Pitt WR Larry Fitzgerald Debuts on College Football Hall of Fame Ballot
PITTSBURGH -- The Pitt Panthers will be well-represented on next year's College Football Hall of Fame ballot, with two repeat candidates and one new face eligible for the first time in 2024.
Former Pitt receiver Larry Fitzgerald will join running back Craig Heyward and quarterback Matt Cavanaugh on the 2024 College Football Hall of Fame ballot. This will mark Fitzgerald's first year of eligibility while Heyward and Cavanaugh are entering their second after being introduced last summer.
Fitzgerald is undoubtedly the best wideout in Panthers football history. He owns the program record for receiving yards in a season (1,672, 2003), receiving touchdowns in a season (22, 2003) and for a career (34) and most consecutive games with a receiving touchdown (18, 2002-03). He was named a Heisman Trophy finalist and won the Biletnikoff Award in 2003 before leaving school early for the NFL Draft, where were he was selected third overall by the Arizona Cardinals.
Heyward, the father of current Pittsburgh Steelers Cam and Connor, used a devastating, other-worldly combination of speed and power to star for the Panthers during the mid-1980s. His 1987 season, in which he amassed nearly 2,000 all-purpose yards and 13 total touchdowns made him a consensus All-American and a household name. The New Orleans Saints selected Heyward with the 24th overall pick of the 1988 Draft and enjoyed a ten-year career as a professional.
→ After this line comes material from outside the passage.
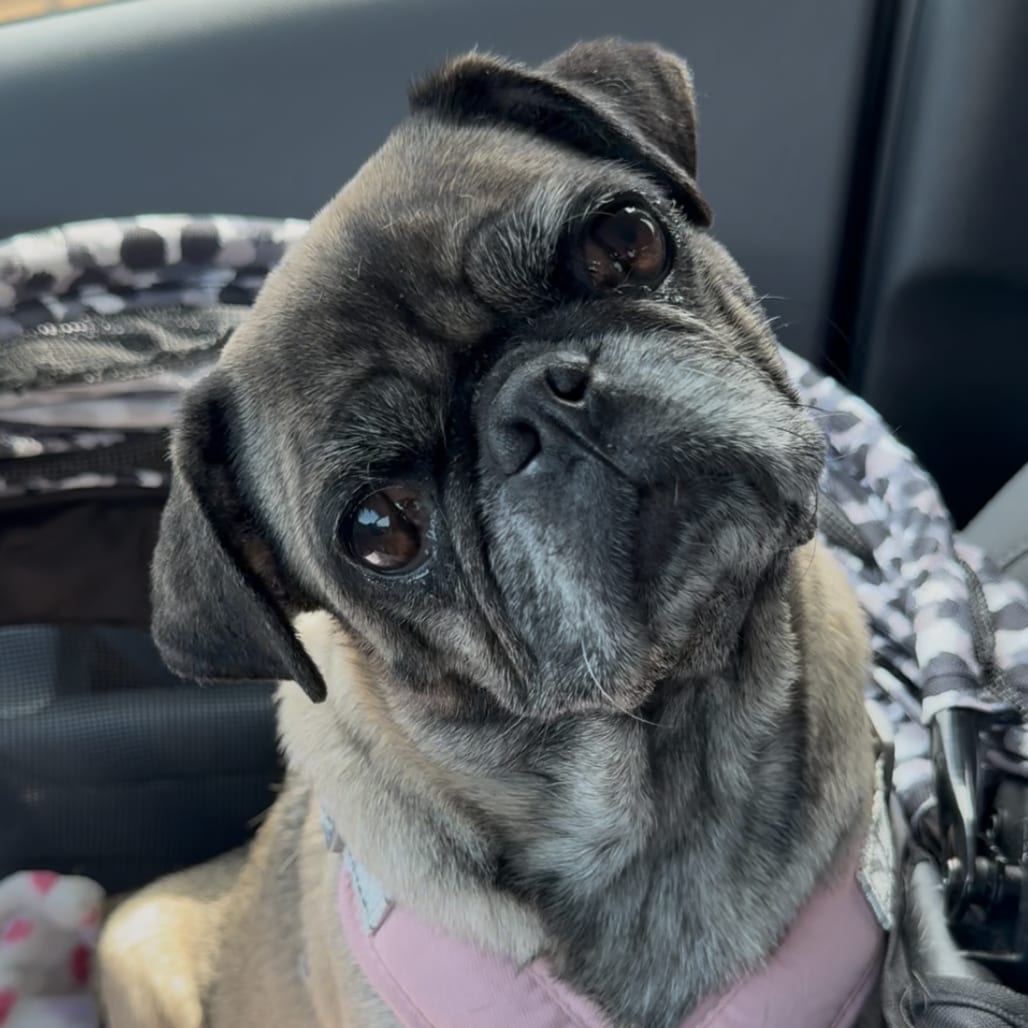 Photo of Dolly, adoptable Pug in California, California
Heyward fought cancer for eight years before his untimely death in 2006.
Cavanaugh, who concluded his career having thrown for the second-most passing yards in a season in school history, earned MostValuable Player honors in Pitt's 1977 Sugar Bowl win over Georgia, a victory that clinched that year's national title. He played in the NFL for 15 seasons and coached for 27 more. He was most recently an offensive assistant for Washington during the 2019 season.
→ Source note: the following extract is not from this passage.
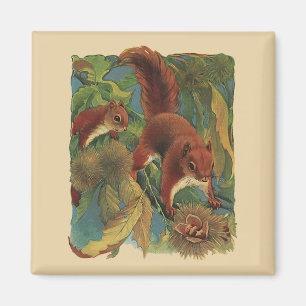 Aimant Écureuils vintages, Créatures Forestières, Animaux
The College Football Hall of Fame is an exclusive club. Just 0.02% - 1,056 of the 5.54 million individuals that have ever played college football - have earned induction to the Hall.
Election is determined partially by votes from the more than 12,000 members of the National Football Foundation and the NFF Honors Court, chaired by former Ohio State running back Archie Griffin, will make the final selections. The last Pitt Panther to earn a spot in the Hall of Fame was Ruben Brown in 2015.